Contributing factor 2: Missing service token policies on CF Access applications — The service token raxx-agent-vault-access (used by probe_console_self) was enrolled only on vault.raxx.app. The remaining 7 CF Access-protected applications had email-only policies. Any probe needing to bypass CF Access on those apps had no path to success.

Contributing factor 3: Phantom CF Pages project in registrystatus_poller.py referenced project_name="getraxx" but no such CF Pages project exists in the account. The probe returned 404 → degraded on every cycle. Separately, the getraxx.com DNS record resolves via Cloudflare proxy but the CF Pages custom domain binding is absent, returning error 1014.
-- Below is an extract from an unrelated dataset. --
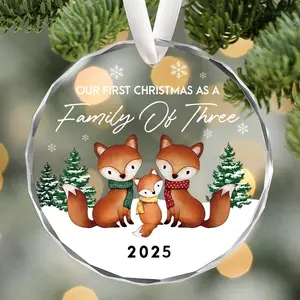 OUR FIRST CHRISTMAS AS A Family of Three, Glass Keepsake Ornament, Christmas Tree Decoration Glass Ornament, Christmas Home Decor, Baby First Christmas Ornament New Baby Ornament, Family Ornament, Fox Family Ornament, Baby Christmas Gift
Contributing factor 4: raxx-api-prod has no deployed dyno — The app has only config-var releases (v3–v7). No code/slug has been deployed. Formation is empty. This is a genuine DOWN state independent of any probe configuration issue.


Detection


Resolution

Fixed in this PR (fix/console-degraded-surfaces-2026-04-30): - console/app/services/site_probes.py: probe_heroku_app now uses app_data["web_url"] (direct .herokuapp.com) for the health check; public_url parameter retained for future end-to-end probes but removed from health check path - console/app/services/status_poller.py: getraxx surface entry removed from SURFACE_REGISTRY_BY_ENV["prod"] with explanatory comment; will be re-added when CF Pages project is created and domain is re-attached

Requires operator action (escalation below): - raxx-api-prod: deploy a slug with a web dyno; scale web formation to ≥1 - getraxx.com: create or re-attach CF Pages project for the marketing site - CF Access policies: add raxx-agent-vault-access service token to non_identity policy on console.raxx.app, api.raxx.app, and the staging equivalents - Rotate stale CF tokens in console app env: CLOUDFLARE_RAXX_AUTOMATION_API_TOKEN and CLOUDFLAREROLLED are revoked

Validation: After PR merge and re-deploy of console, direct-URL probes for raxx-api-staging, raxx-console-staging, raxx-console-prod, and vault should all show HEALTHY. api-prod will remain FAILED/DOWN until a dyno is deployed.


Action items

# Action Owner Due Issue
1 Add raxx-agent-vault-access service token to non_identity policy on console.raxx.app, api.raxx.app, console-staging.raxx.app, api-staging.raxx.app, raxx-mockups.pages.dev, raxx-app.pages.dev CF Access applications operator 2026-05-02 TBD
2 Deploy raxx-api-prod: push a slug with web dyno; scale formation to 1 operator 2026-05-02 TBD
3 Resolve getraxx.com error 1014: create a CF Pages project for the marketing site and re-attach the custom domain operator 2026-05-02 TBD
4 Rotate stale CF tokens in console app env (CLOUDFLARE_RAXX_AUTOMATION_API_TOKEN, CLOUDFLAREROLLED) — pull from vault operator 2026-05-07 TBD
5 Add probe-level test for "public_url behind CF Access returns 302" failure mode in test_site_probes.py sre-agent 2026-05-07 TBD
6 Add registry validation: on startup, warn if a cloudflare_pages surface references a non-existent project sre-agent 2026-05-14 TBD
7 Add Heroku dyno-count check to probe_heroku_app: return DEGRADED (not DOWN) if formation exists but 0 dynos running, with explicit error dyno_count_zero sre-agent 2026-05-14 TBD

References